(Beginning of RAW DATA)
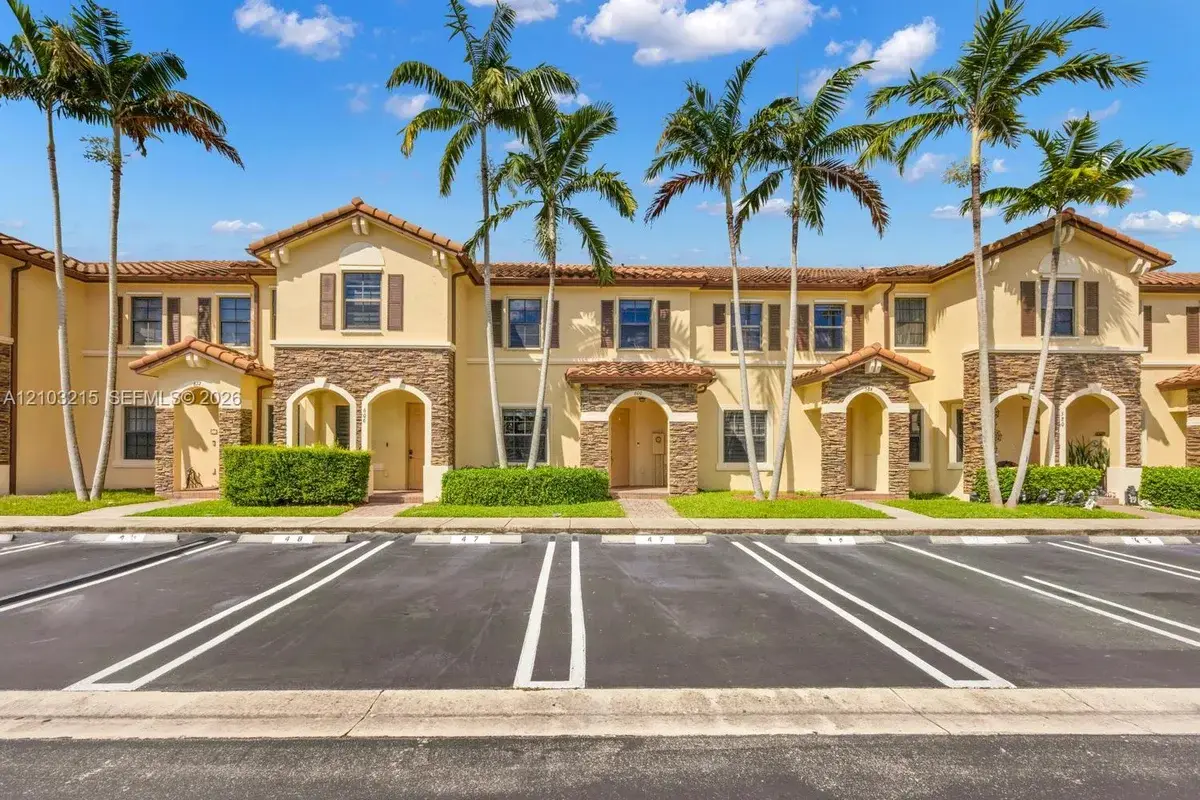 600 SE 32nd Ave, Homestead: photo 1 of 59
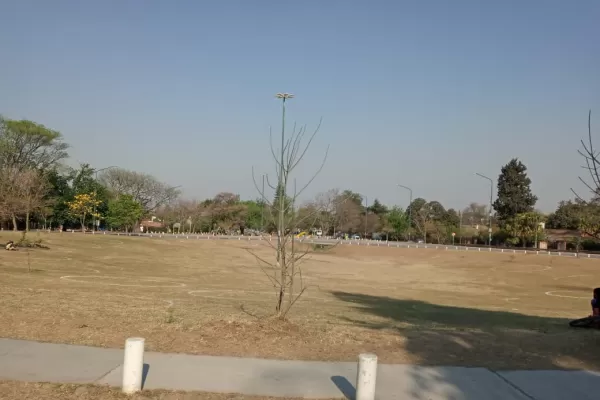Poco movimiento en las calles de Yerba Buena en un Día del Estudiante atípico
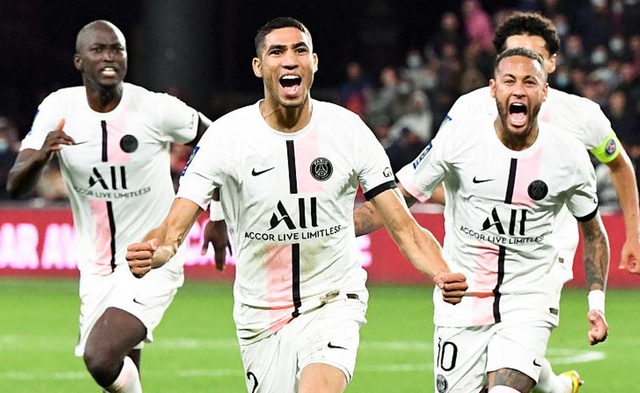 包含马洛卡客场爆冷击败对手，豪取三分的词条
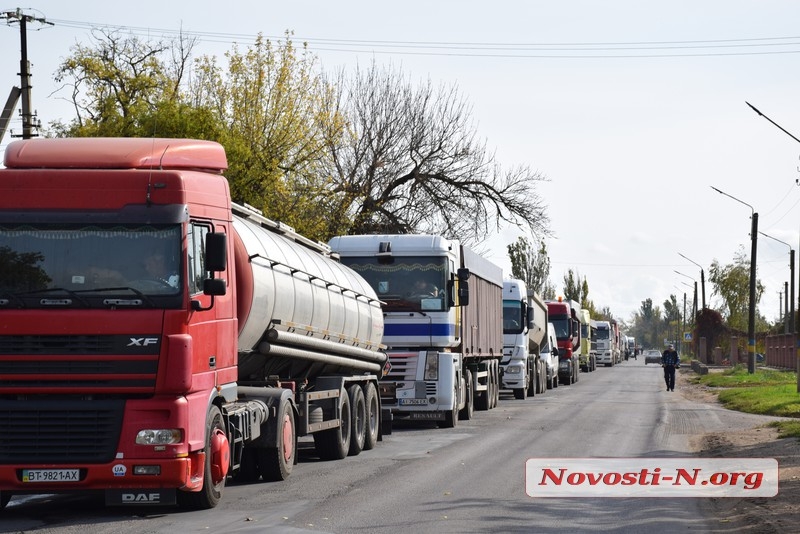 Трасса на Киев была заблокирована в районе Новой Одессы более 3 часов — медработники требуют зарплаты
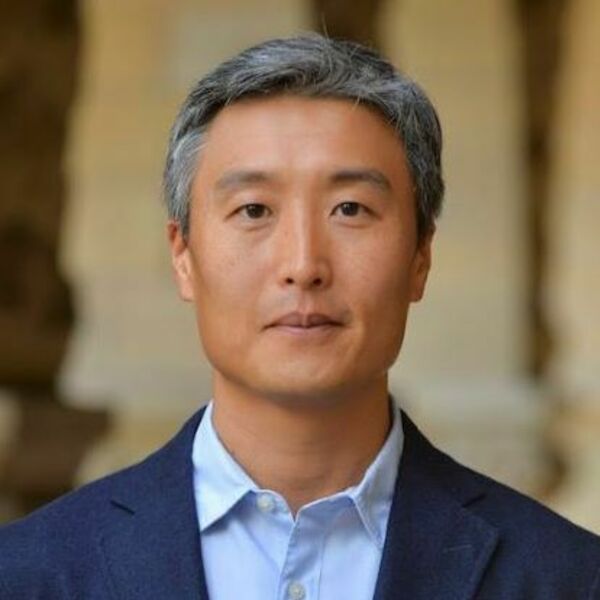 Yong Suk Lee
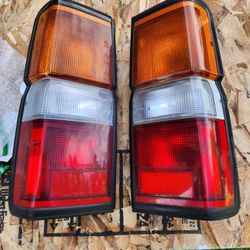 Nissan Pickup Tail Lights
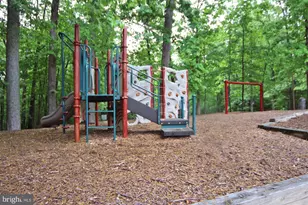 8312 Kingsgate Rd, Springfield, VA 22152 - Photo 49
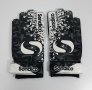 Sondico Match GK GivSn00 - вратарски ръкавици, размери - 9 и 10. 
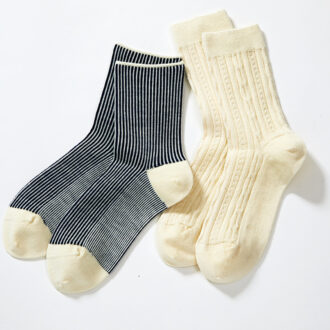 靴下各￥1,540 ／ともにタビオ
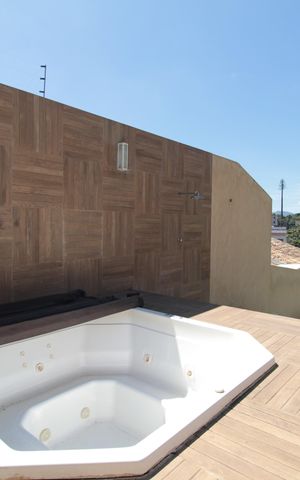 Casa à venda com 370m², 5 quartos e 8 vagasÁrea Externa
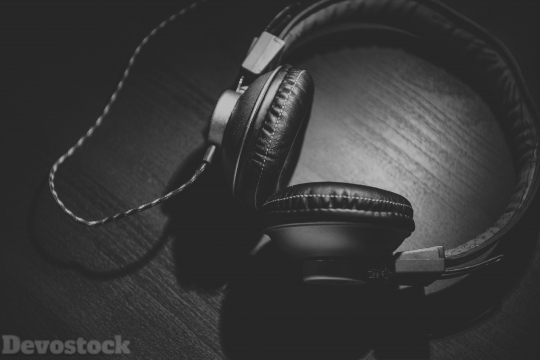 Devostock Headset Hear Music Song 4k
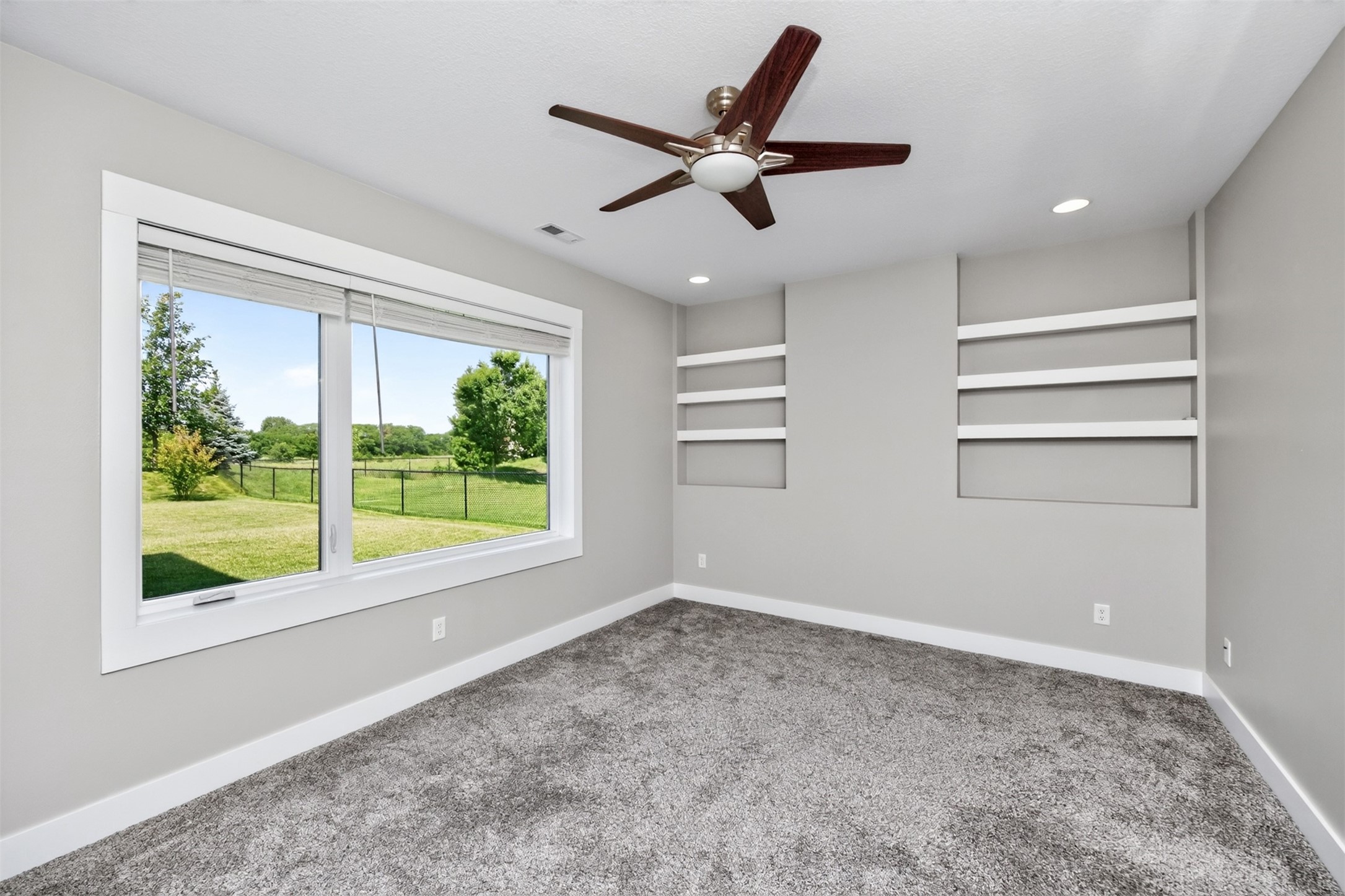 2012 Ne Park Drive Property Photo 24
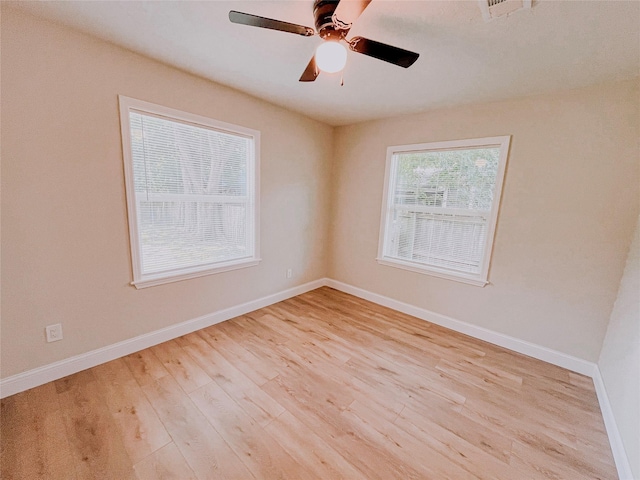 4521 Kingsbury St, Houston, TX 77021 - unfurnished room with wood finished floors and a ceiling fan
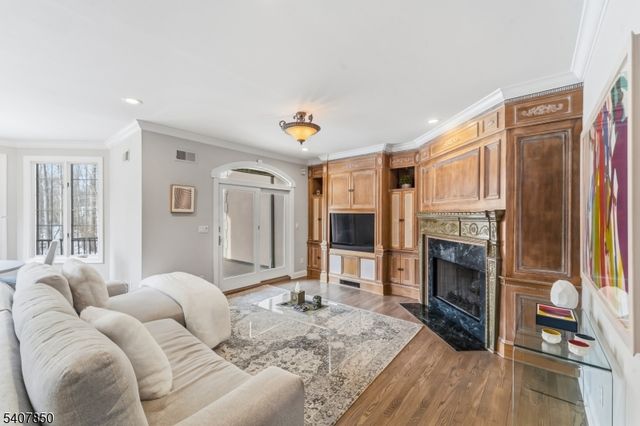 2 Stewart Ct, Old Tappan Boro, NJ 07675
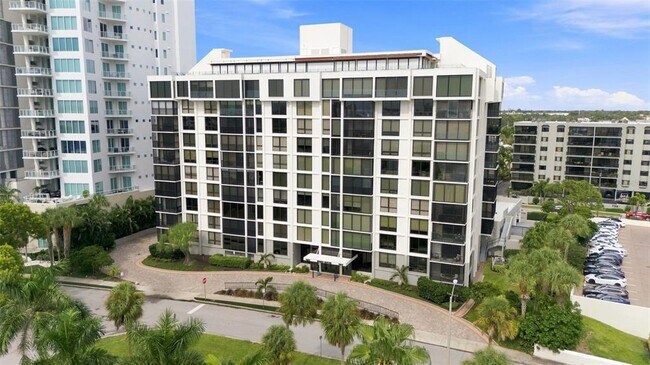 Building Photo - 707 S Gulfstream Ave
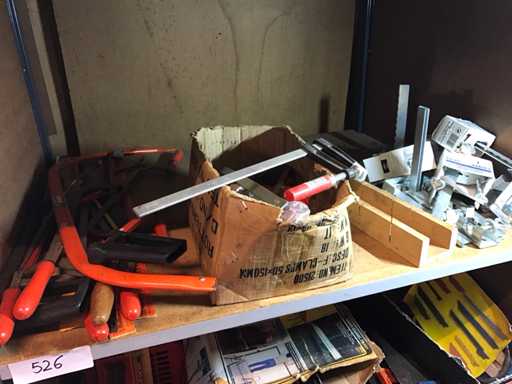 Charge von Klemmen und Sägehalterungen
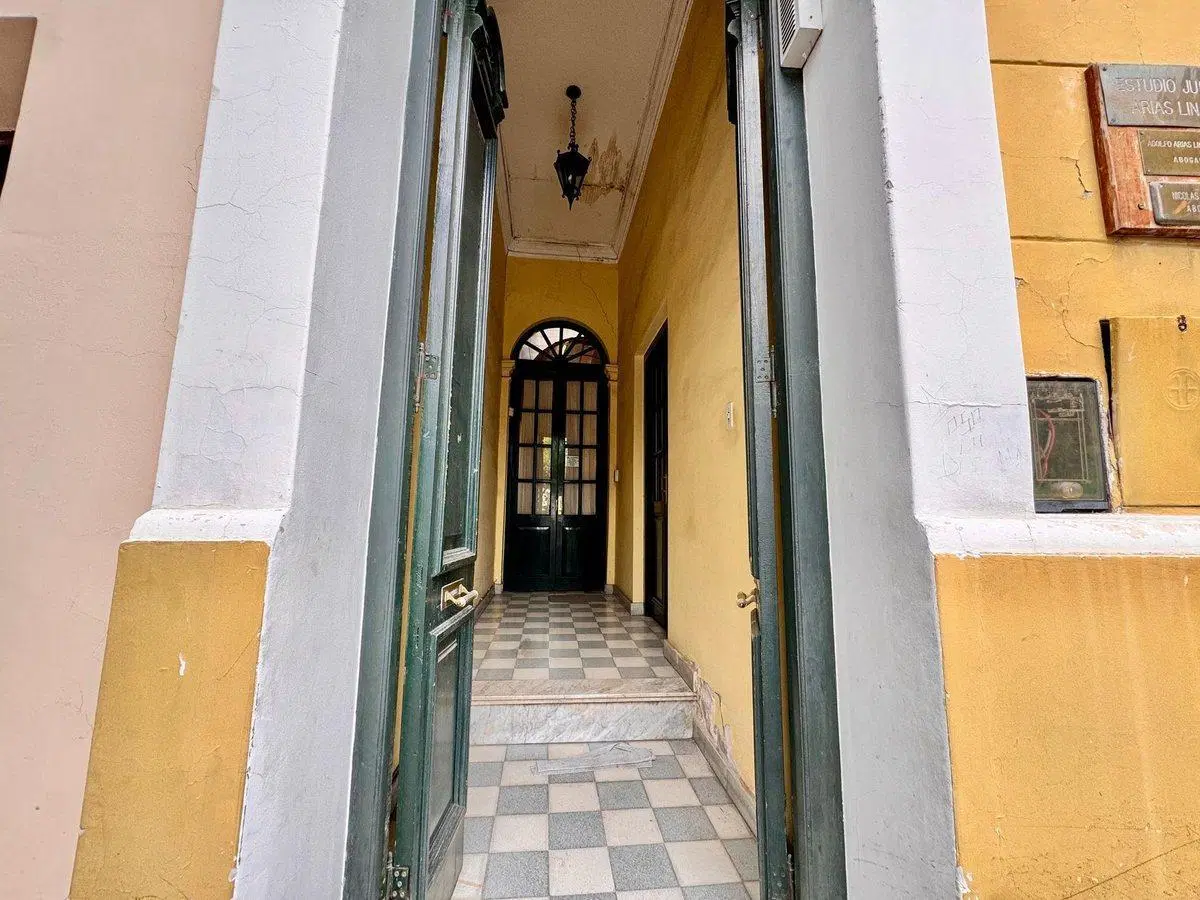 VENTA OFICINA ZONA CENTRO 7 AMBIENTES P/ INVERSION 3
(End of RAW DATA)
• **DESCRIPTION OF THE TASK**
All lines above starting at the one with "Yong Suk Lee" and ending at the one with "2012 Ne Park Drive Property Photo 24", inclusive, are to be printed again exactly, with the pictures left out.

• **RESPONSE**
 Yong Suk Lee
 Nissan Pickup Tail Lights
 8312 Kingsgate Rd, Springfield, VA 22152 - Photo 49
 Sondico Match GK GivSn00 - вратарски ръкавици, размери - 9 и 10. 
 靴下各￥1,540 ／ともにタビオ
 Casa à venda com 370m², 5 quartos e 8 vagasÁrea Externa
 Devostock Headset Hear Music Song 4k
 2012 Ne Park Drive Property Photo 24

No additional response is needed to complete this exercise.